Sage Weil <sweil@xxxxxxxxxx> · Thu, 30 Apr 2015 09:20:35 -0700 (PDT)

On Thu, 30 Apr 2015, Haomai Wang wrote:
> On Thu, Apr 30, 2015 at 12:38 AM, Sage Weil <sweil@xxxxxxxxxx> wrote:
> > On Wed, 29 Apr 2015, Chen, Xiaoxi wrote:
> >> Hi Mark,
> >>       Really good test:) I only played a bit on SSD, the parallel WAL
> >> threads really helps but we still have a long way to go especially on
> >> all-ssd case. I tried this
> >> https://github.com/facebook/rocksdb/blob/master/util/env_posix.cc#L1515
> >> by hacking the rocksdb, but the performance difference is negligible.
> >
> > It gave me a 25% bump when rocksdb is on a spinning disk, so I went ahead
> > and committed the change to the branch.  Probably not noticeable on the
> > SSD, though it can't hurt.
> >
> >> The rocksdb digest speed should be the problem, I believe, I was planned
> >> to prove this by skip all db transaction, but failed since hitting other
> >> deadlock bug in newstore.
> >
> > Will look at that next!
> >
> >>
> >> Below are a bit more comments.
> >> > Sage has been furiously working away at fixing bugs in newstore and
> >> > improving performance.  Specifically we've been focused on write
> >> > performance as newstore was lagging filestore but quite a bit previously.  A
> >> > lot of work has gone into implementing libaio behind the scenes and as a
> >> > result performance on spinning disks with SSD WAL (and SSD backed rocksdb)
> >> > has improved pretty dramatically.

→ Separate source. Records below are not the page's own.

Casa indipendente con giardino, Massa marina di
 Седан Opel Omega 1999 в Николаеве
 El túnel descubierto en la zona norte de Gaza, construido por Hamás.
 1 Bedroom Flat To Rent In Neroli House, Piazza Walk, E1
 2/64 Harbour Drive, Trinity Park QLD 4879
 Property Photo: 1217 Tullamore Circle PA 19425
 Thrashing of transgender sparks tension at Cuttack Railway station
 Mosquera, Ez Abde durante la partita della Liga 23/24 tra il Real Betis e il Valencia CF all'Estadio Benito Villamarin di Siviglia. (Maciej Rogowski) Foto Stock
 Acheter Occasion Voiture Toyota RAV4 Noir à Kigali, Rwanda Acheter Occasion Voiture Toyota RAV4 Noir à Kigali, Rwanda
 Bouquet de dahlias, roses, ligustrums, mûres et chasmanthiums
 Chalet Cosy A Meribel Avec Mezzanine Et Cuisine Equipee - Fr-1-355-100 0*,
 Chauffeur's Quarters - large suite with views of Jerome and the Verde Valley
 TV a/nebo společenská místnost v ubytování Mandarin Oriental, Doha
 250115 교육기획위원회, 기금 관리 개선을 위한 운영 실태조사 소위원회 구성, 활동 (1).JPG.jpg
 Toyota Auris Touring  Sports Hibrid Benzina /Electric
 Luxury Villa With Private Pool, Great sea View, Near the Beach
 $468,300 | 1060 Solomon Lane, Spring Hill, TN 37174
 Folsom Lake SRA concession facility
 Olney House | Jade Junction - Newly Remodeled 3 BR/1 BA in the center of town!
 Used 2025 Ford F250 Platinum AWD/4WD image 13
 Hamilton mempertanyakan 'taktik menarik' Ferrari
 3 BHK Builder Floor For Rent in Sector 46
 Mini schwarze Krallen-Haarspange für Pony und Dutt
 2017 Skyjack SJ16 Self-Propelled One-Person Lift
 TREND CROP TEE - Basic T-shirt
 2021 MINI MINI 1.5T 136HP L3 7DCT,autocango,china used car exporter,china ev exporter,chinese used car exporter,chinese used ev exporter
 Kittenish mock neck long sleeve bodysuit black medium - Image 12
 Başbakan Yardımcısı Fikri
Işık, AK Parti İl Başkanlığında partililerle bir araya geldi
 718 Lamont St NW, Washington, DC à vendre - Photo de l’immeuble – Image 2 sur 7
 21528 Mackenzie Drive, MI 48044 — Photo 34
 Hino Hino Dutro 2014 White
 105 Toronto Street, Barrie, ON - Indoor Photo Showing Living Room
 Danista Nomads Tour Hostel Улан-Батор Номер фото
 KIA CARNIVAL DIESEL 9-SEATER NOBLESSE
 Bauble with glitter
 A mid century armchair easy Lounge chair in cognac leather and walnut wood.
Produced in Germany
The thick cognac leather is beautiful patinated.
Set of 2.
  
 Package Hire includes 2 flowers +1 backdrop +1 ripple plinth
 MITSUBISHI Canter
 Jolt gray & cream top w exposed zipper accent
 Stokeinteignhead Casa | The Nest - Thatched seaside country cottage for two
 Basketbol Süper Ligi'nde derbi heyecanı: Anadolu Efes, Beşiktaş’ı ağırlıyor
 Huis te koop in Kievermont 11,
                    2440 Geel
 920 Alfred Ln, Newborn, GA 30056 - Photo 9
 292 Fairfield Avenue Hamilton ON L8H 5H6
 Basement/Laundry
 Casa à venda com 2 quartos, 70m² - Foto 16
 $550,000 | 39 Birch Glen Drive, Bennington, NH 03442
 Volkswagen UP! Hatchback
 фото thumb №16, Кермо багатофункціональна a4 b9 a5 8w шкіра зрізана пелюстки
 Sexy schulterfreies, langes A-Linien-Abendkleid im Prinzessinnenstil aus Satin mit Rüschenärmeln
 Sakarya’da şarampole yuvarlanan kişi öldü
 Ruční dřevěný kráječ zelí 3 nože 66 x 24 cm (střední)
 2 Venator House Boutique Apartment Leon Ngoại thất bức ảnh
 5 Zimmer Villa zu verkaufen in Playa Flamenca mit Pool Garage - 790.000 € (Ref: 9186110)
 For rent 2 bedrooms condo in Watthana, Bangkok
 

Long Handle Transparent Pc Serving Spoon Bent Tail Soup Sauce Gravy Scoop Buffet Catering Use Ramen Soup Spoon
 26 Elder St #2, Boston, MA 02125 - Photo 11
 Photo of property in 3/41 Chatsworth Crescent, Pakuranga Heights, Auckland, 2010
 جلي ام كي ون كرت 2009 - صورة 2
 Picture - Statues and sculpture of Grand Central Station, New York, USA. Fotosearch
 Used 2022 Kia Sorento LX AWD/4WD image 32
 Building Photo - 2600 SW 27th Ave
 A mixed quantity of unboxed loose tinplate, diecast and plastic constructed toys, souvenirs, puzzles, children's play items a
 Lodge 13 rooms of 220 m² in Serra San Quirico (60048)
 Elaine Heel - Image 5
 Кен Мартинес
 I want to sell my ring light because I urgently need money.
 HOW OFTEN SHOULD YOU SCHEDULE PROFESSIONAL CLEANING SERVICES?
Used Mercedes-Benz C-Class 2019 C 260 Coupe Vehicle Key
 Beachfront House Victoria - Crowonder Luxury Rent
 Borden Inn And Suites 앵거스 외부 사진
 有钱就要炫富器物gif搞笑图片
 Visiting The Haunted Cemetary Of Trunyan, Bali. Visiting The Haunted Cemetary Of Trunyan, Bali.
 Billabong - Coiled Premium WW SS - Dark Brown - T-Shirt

It's now often beating filestore:
> >> >
> >>
> >> SSD DB is still better than SSD WAL with request size > 128KB, this indicate some WALs are actually written to Level0...Hmm, could we add newstore_wal_max_ops/bytes to capping the total WAL size(how much data is in WAL but not yet apply to backend FS) ?  I suspect this would improve performance by prevent some IO with high WA cost and latency?
> >>
> >> > http://nhm.ceph.com/newstore/newstore-5d96fe6-no_overlay.pdf
> >> >
> >> > On the other hand, sequential writes are slower than random writes when
> >> > the OSD, DB, and WAL are all on the same device be it a spinning disk or SSD.
> >>
> >> I think sequential writes slower than random is by design in Newstore,
> >> because for every object we can only have one WAL , that means no
> >> concurrent IO if the req_size* QD < 4MB. Not sure how many #QD do you
> >> have in the test? I suspect 64 since there is a boost in seq write
> >> performance with req size > 64 ( 64KB*64=4MB).
> >>
> >> In this case, IO pattern will be : 1 write to DB WAL->Sync-> 1 Write to
> >> FS -> Sync, we do everything in synchronize way ,which is essentially
> >> expensive.
> >
> > The number of syncs is the same for appends vs wal... in both cases we
> > fdatasync the file and the db commit, but with WAL the fs sync comes after
> > the commit point instead of before (and we don't double-write the data).
> > Appends should still be pipelined (many in flight for the same object)...
> > and the db syncs will be batched in both cases (submit_transaction for
> > each io, and a single thread doing the submit_transaction_sync in a loop).
> >
> > If that's not the case then it's an accident?
> 
> I hope I could clarify the current impl(For rbd 4k write, warm object,
> aio, no overlay) from my view compared to FileStore:
> 
> 1. because buffer should be page aligned, we only need to consider aio
> here. Prepare aio write(why we need to call ftruncate when doing
> append?), a must "open" call(may increase hugely if directory has lots
> of files?)

We do not do write-ahed journaling for append.. we just append, 
then fsync, then update the kv db.  Which means that after a crash 
it is possible to have extra data at teh end of a fragment.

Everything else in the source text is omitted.